The Wisconsin defense didn’t create a turnover in its season-opening win over UNLV, and the Badgers really didn’t even get many hands on the ball. There must have been a direct emphasis on doing that in game two Saturday vs. Oregon State. UW would force just one turnover (a fumble forced by Shelton Johnson), but there were Badger paw prints all over the football.
Wisconsin tallied a whopping 10 pass breakups -- the team’s most since 2002 -- including a pair from Chris Borland and Antonio Fenelus. The message was sent early.
On the Beavers’ first possession, Devin Smith got his hands on a pair of passes. On the second series, LB Ethan Armstrong jarred a pass loose with a big hit and Fenelus broke up the third-down attempt. OSU’s third drive of the game ended just like the first two as Borland notched the third of three breakups on the possession.
It’s no surprise Oregon State came out running the ball on its fourth series.
This land is Borland, this land is my land
Many questions have surrounded sophomore LB Chris Borland this season as he returns from shoulder injuries that kept him out of most of last season. Throw in a position change from outside linebacker to middle linebacker and many have wondered if he will be the playmaker he was during his Big Ten Freshman of the Year campaign of 2009.
Borland quietly led the Badgers in tackles in week one vs. UNLV, but didn’t make any game-changing plays we are used seeing from him.
Saturday against Oregon State, Borland again led UW with nine tackles, but a closer look saw him make a pair of plays that reminded me of what he brings to the table. On back-to-back possessions in the first quarter, Borland blitzed the A-gap and forced Oregon State QB Sean Mannion into third-down incompletions.
On the first blitz, Borland’s pressure right in the face of Mannion forced an early throw which teammate Antonio Fenelus broke up down field.

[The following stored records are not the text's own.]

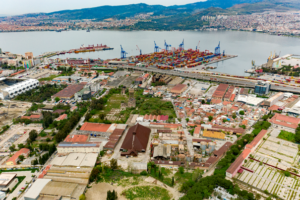 Deniz Ticaret Odası (İMEAK) İzmir Şubesi Yönetim Kurulu Başkanı Öztürk: “Kalkınmanın ve küresel rekabetin yolu denizlerden geçiyor”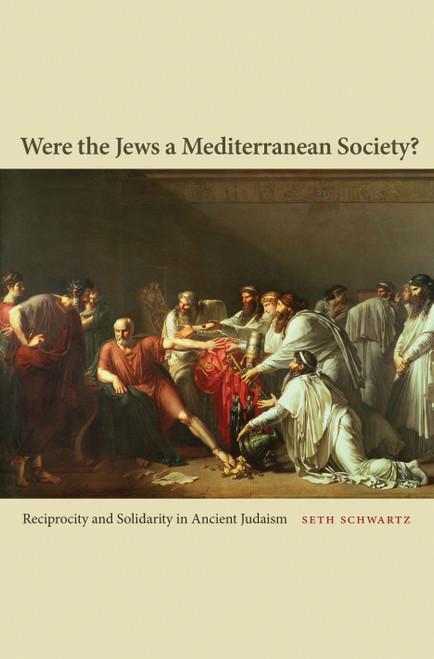Were the Jews a Mediterranean Society? | | 9780691155432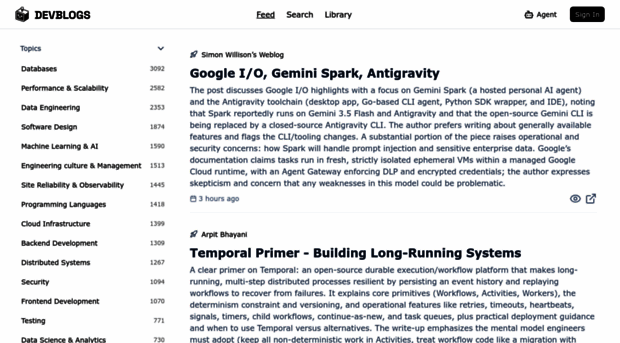 devblogs.co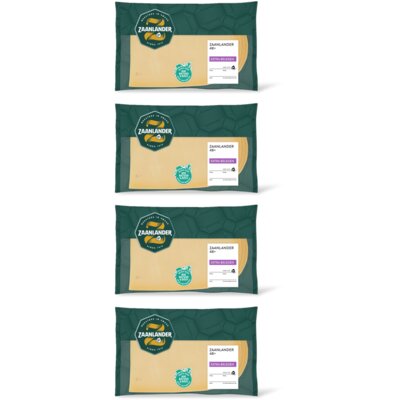 pdp-image-AH Zaanlander Extra belegen 48+ plakken 4-pack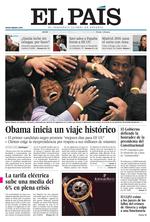 EL PAíS Edición impresa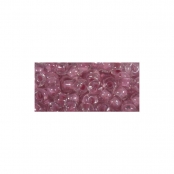 Perle Rocaille arktis lustrée Rose tendre 2,6mm 17 g
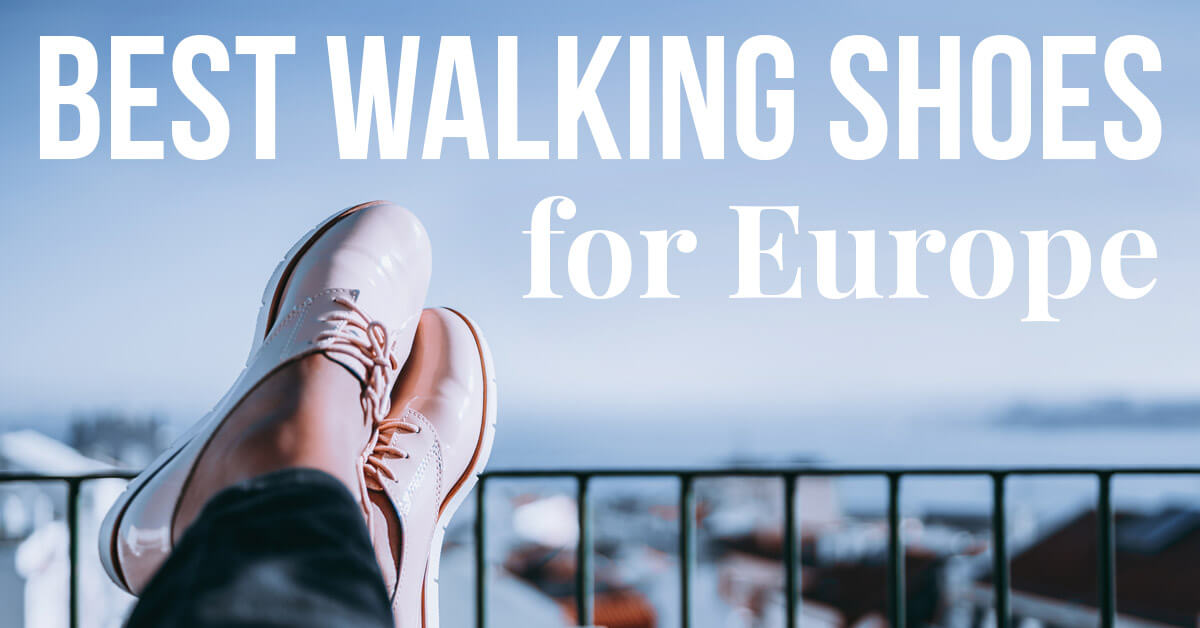 best summer shoes for walking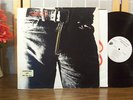 ROLLING STONES LP STICKY FINGERS 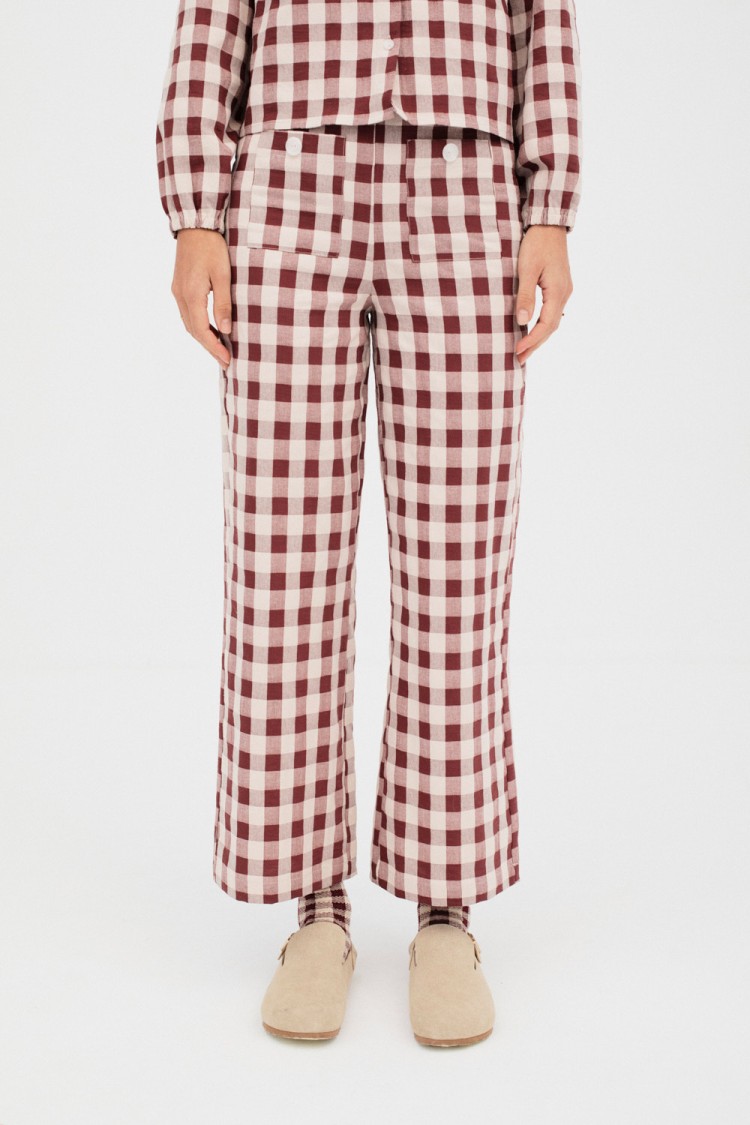 MALASAÑA TROUSERS 2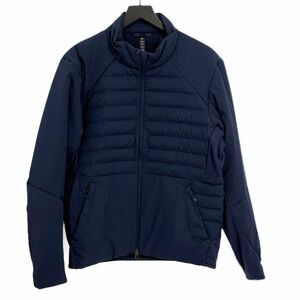 Lululemon Another Mile Jacket Men's in True Navy - NWOT - Size Large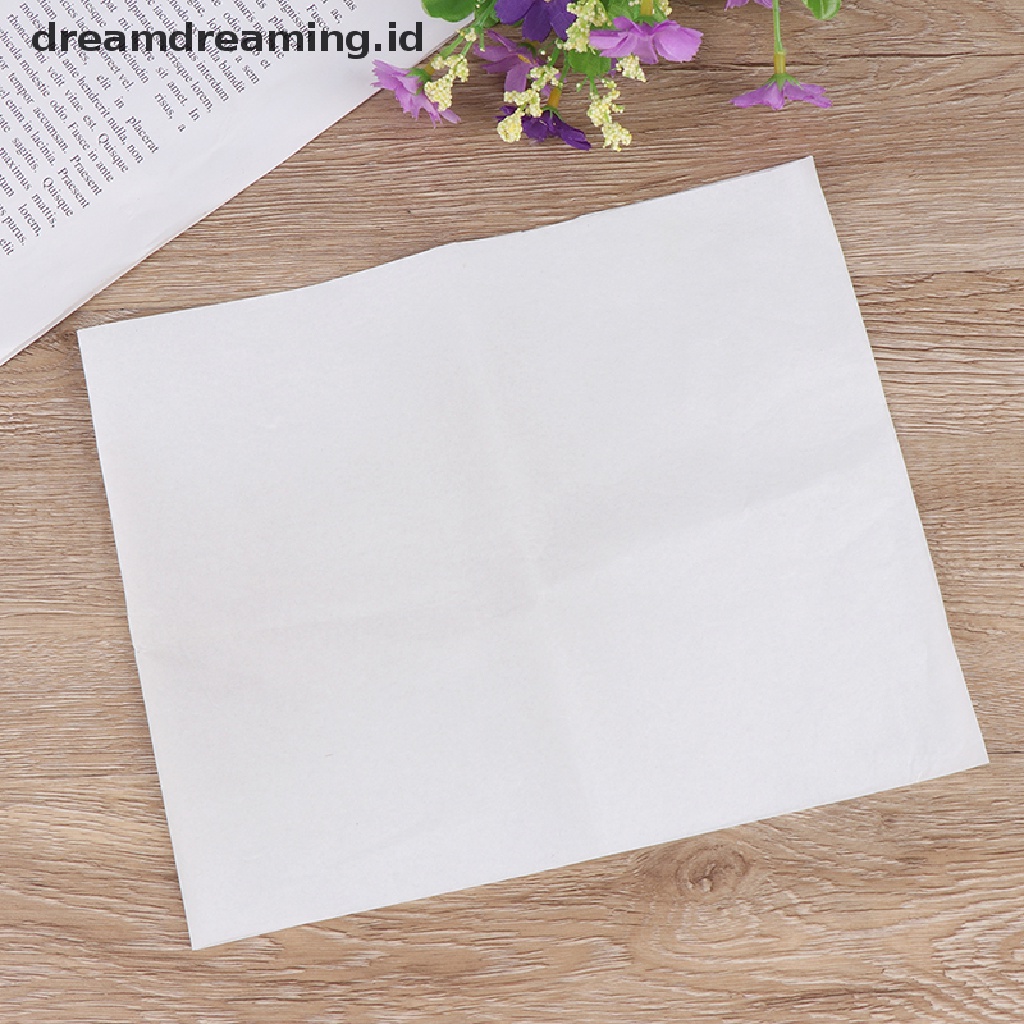 Dreamdreaming.id 1pc Kertas Api Ukuran 50x20cm Untuk Trik Sulap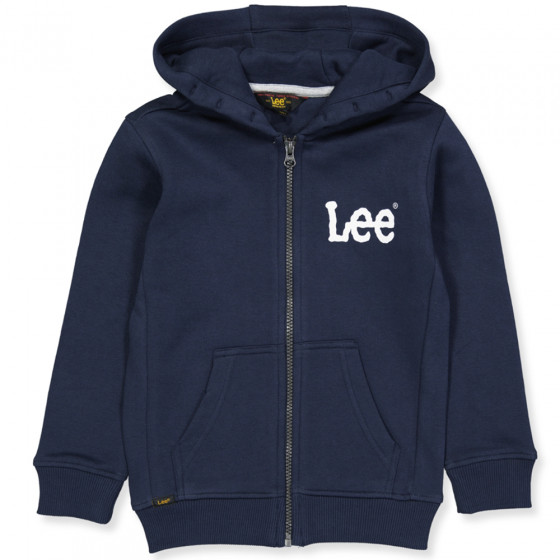 Lee Zip jacket WOBBLY NAVY BLAZER Navy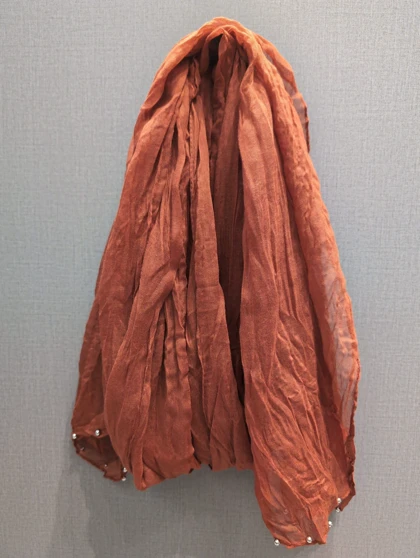 شال کاریان کنفی سیلوربال 20274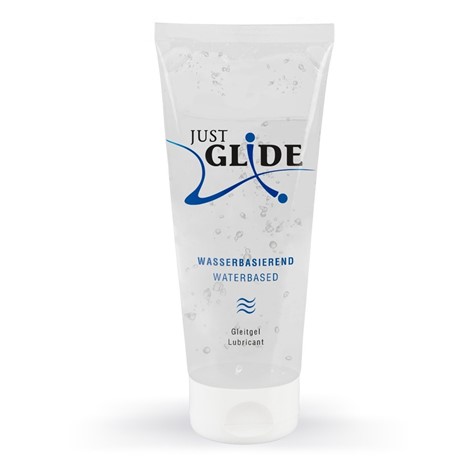 JUST GLIDE WATER-BASED200 ML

On the second blitz a few minutes later, Borland did the breaking up, leaping into the throwing lane and batting the ball down.
Two blitzes, two punts.
When the games get closer later on this season, I expect to see more and more of Borland in the backfield making plays and causing chaos.
Special teams miscues doom Oregon State
Playing on the road against a top-10 team, there are a few things you simply cannot do; turning the ball over and making critical mistakes on special teams are high on that list.
All three of Wisconsin’s first-half touchdowns were directly aided by Oregon State special teams miscues.
First, a staggering negative-4-yard punt from Johnny Hecker gave Wisconsin plum field position at the OSU 14-yard line. The Badgers would take a 7-0 lead three plays later.
During the second quarter, a 15-yard personal foul penalty on a Hecker punt awarded the Badgers the ball at midfield. This time, UW would score eight plays later. The final critical error came on the ensuing kickoff as OSU return man Keynan Parker caught the kick and stepped out of bounds at his own 3-yard line. That brutal field position led to another Hecker punt and another Badger touchdown.